Hoje em dia, muitos hotéis inspiram-se na natureza. Na sua opinião, o que 1 Hotels na sua abordagem? (Seria ótimo se pudesse aprofundar o tema da sustentabilidade, apoiando-se em dados ou nas melhores práticas comprovadas)
O mundo natural constitui a base da marca. Para este projeto, focámo-nos em trazer o ar livre para o interior, desde a criação de uma parede de pedra com vegetação que dá as boas-vindas aos hóspedes à entrada, passando pelo uso abundante de plantas em todo o átrio e outras áreas comuns, até à maximização das vistas em todos os espaços do hotel. Existe também um forte compromisso com materiais recuperados, de origem responsável e locais, o que confere aos espaços uma sensação de história e autenticidade, em vez de perfeição.
Referiu-se ao wabi-sabi — onde é que permitiu que a imperfeição, a pátina e a textura crua se mantivessem «autênticas», mesmo num hotel de luxo?
Ao utilizar materiais naturais, o nosso objetivo foi evitar que o espaço parecesse demasiado sofisticado ou perfeito. Queríamos que os materiais transmitissem uma sensação de história e antiguidade, dando a entender que já tinham uma vida própria antes do hotel. As texturas e outros sinais do toque humano, em vez de um ambiente excessivamente imaculado, permitiram-nos mostrar o passar do tempo e a antiguidade.
Mencionou que utilizou pedra Oya de Tochigi e que se inspirou nos jardins que rodeiam o Palácio Imperial. Poderia falar-nos um pouco mais sobre os materiais que utilizou e outras fontes de inspiração?

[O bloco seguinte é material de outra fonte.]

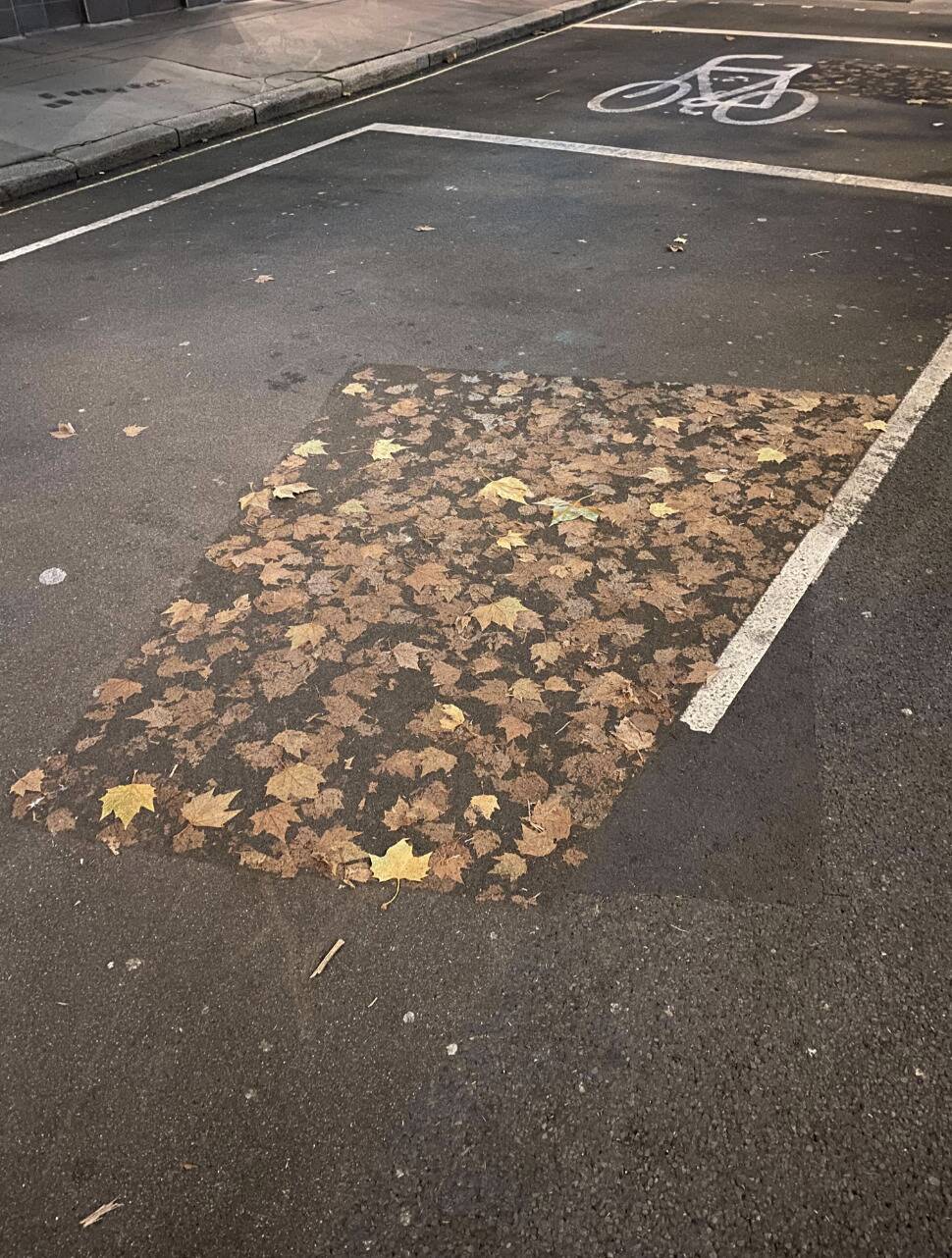 Screenshot 2025-11-05 at 3.54.11 PM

Como já foi referido, a nossa principal fonte de inspiração foi a natureza. Havia, evidentemente, um desejo comum por parte das equipas da marca e do hotel de criar um hotel «japonês», e um dos nossos grandes desafios foi evitar que o design parecesse uma caricatura ou um cliché. Pretendíamos utilizar a estética do design tradicional japonês, encontrando ao mesmo tempo um equilíbrio para a integrar num espaço contemporâneo e tecnologicamente avançado. Encontrámos um meio-termo que não é nem um cliché nem algo estranho.
Fazemos referência à tradição dos jardins e do artesanato, combinando-os com os elementos arquitetónicos de uma cidade moderna, all na natureza. As paredes texturizadas podem remeter para um jardim japonês com superfícies niveladas, enquanto a madeira e outros materiais evocam a casca de uma árvore e outros elementos naturais. Para nós, tudo se baseava na natureza.
A natureza acima da cidade
No 1 Hotel Tokyo, o design reflete as paisagens e as tradições que caracterizam o Japão. Materiais naturais, detalhes artesanais e vegetação viva criam um espaço que transmite uma sensação de enraizamento no local e, ao mesmo tempo, de contemporaneidade discreta. Em conjunto, estes elementos formam um refúgio onde a energia de Tokyo a tranquilidade da natureza. Os hóspedes que desejem viver esta experiência em primeira mão podem explorar as nossas ofertas atuais e descobrir uma estadia inspirada na natureza e no design.